━━━ Records for this exercise ━━━
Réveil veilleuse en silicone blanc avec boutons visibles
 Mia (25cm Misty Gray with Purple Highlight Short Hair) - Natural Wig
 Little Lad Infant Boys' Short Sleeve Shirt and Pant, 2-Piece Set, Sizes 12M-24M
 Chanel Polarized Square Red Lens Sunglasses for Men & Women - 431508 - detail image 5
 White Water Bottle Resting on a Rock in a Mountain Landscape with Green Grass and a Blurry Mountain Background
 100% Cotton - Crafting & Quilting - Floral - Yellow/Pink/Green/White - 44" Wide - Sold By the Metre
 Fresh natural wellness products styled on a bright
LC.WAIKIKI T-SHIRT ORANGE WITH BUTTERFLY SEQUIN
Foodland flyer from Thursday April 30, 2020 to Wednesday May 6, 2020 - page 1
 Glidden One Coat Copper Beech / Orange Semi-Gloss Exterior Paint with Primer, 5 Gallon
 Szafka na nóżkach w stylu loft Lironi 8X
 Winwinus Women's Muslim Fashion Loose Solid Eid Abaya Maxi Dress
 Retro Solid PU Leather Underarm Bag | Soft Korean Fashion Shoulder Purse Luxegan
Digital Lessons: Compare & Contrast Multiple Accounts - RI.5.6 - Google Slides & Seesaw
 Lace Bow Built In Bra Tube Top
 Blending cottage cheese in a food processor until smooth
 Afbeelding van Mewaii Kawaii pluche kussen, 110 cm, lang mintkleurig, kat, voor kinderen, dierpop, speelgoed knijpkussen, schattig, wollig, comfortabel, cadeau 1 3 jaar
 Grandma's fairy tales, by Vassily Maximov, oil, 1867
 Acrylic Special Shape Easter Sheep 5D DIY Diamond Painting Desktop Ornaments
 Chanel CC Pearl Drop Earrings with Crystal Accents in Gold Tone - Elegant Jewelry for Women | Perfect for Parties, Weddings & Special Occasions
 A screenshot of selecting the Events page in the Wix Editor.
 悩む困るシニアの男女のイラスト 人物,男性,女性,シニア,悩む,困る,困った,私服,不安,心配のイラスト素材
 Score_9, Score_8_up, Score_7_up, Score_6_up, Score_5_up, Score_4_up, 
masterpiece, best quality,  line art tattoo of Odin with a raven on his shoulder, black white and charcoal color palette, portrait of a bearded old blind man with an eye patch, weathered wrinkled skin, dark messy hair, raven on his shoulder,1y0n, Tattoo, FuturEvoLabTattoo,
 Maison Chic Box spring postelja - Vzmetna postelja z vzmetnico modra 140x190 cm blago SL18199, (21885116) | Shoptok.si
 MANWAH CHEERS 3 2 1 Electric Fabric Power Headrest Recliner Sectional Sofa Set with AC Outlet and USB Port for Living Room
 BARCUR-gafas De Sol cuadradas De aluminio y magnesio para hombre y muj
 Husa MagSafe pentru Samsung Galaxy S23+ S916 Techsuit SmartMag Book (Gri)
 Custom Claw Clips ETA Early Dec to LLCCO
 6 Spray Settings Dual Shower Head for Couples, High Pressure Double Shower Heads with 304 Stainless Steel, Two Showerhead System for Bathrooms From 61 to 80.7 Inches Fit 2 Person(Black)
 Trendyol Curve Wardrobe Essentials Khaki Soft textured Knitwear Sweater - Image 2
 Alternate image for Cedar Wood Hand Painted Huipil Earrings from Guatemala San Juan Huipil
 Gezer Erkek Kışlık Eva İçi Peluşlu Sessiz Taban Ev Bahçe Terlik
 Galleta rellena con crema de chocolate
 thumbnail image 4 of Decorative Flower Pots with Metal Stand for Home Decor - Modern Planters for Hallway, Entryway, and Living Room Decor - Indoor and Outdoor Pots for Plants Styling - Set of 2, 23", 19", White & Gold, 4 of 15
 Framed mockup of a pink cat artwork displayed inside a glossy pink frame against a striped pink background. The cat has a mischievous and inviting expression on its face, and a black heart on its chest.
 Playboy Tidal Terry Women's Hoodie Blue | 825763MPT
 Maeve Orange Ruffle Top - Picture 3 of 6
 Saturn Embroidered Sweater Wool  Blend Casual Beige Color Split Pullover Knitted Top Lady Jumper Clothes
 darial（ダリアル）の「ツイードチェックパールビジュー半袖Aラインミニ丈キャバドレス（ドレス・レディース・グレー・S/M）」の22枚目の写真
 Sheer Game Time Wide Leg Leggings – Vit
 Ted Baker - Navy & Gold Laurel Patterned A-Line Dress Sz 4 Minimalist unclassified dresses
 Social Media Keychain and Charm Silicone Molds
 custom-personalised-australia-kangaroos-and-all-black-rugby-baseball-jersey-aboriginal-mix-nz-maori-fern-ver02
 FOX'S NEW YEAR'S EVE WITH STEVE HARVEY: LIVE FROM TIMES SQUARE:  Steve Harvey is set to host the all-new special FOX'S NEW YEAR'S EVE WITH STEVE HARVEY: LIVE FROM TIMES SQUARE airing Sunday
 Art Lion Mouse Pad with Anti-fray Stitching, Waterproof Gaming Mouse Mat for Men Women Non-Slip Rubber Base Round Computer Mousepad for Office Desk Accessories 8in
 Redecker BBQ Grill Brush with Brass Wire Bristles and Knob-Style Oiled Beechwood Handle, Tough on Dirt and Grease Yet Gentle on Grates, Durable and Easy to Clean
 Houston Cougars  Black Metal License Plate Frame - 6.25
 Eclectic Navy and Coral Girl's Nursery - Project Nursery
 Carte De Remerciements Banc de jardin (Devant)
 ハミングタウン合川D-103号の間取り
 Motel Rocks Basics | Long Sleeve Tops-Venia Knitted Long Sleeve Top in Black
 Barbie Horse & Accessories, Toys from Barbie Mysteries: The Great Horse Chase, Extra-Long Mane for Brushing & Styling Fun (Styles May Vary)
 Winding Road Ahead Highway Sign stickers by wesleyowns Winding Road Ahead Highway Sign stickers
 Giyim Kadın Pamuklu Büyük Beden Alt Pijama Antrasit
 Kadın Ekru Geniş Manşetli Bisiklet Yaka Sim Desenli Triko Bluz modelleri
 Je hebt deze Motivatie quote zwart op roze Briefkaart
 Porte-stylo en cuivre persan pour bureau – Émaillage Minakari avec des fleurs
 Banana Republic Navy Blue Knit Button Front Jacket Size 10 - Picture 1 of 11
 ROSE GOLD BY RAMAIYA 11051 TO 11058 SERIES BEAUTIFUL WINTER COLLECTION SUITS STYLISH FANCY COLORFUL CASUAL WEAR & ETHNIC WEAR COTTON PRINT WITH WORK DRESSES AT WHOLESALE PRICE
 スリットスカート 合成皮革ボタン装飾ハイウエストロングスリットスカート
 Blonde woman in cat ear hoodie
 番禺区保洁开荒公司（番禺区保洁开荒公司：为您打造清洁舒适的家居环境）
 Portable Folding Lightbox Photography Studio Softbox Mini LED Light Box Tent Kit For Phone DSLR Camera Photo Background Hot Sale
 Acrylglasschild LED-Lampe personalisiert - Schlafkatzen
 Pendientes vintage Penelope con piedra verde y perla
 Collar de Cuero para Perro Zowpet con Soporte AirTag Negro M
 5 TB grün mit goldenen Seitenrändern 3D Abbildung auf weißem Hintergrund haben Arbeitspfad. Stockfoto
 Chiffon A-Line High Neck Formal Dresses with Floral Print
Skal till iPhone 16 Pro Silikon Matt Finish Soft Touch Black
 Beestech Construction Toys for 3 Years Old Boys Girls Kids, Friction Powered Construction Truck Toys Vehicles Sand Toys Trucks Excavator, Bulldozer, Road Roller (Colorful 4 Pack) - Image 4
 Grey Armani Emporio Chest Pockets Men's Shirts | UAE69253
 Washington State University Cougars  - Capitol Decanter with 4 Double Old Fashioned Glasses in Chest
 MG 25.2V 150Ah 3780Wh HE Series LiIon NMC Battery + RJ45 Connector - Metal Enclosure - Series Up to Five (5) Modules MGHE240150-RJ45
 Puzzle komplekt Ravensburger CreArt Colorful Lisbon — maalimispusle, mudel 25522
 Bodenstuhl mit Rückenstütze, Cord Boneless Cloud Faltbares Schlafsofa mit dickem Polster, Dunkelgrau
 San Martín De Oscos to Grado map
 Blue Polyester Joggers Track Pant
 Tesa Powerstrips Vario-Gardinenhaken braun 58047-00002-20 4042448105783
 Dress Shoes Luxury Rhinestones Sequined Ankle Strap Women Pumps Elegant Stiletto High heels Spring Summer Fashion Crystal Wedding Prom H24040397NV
━━━
A word-for-word copy of the entries, from the first line through the line containing "Chanel Polarized Square", is the whole answer.

Réveil veilleuse en silicone blanc avec boutons visibles
 Mia (25cm Misty Gray with Purple Highlight Short Hair) - Natural Wig
 Little Lad Infant Boys' Short Sleeve Shirt and Pant, 2-Piece Set, Sizes 12M-24M
 Chanel Polarized Square Red Lens Sunglasses for Men & Women - 431508 - detail image 5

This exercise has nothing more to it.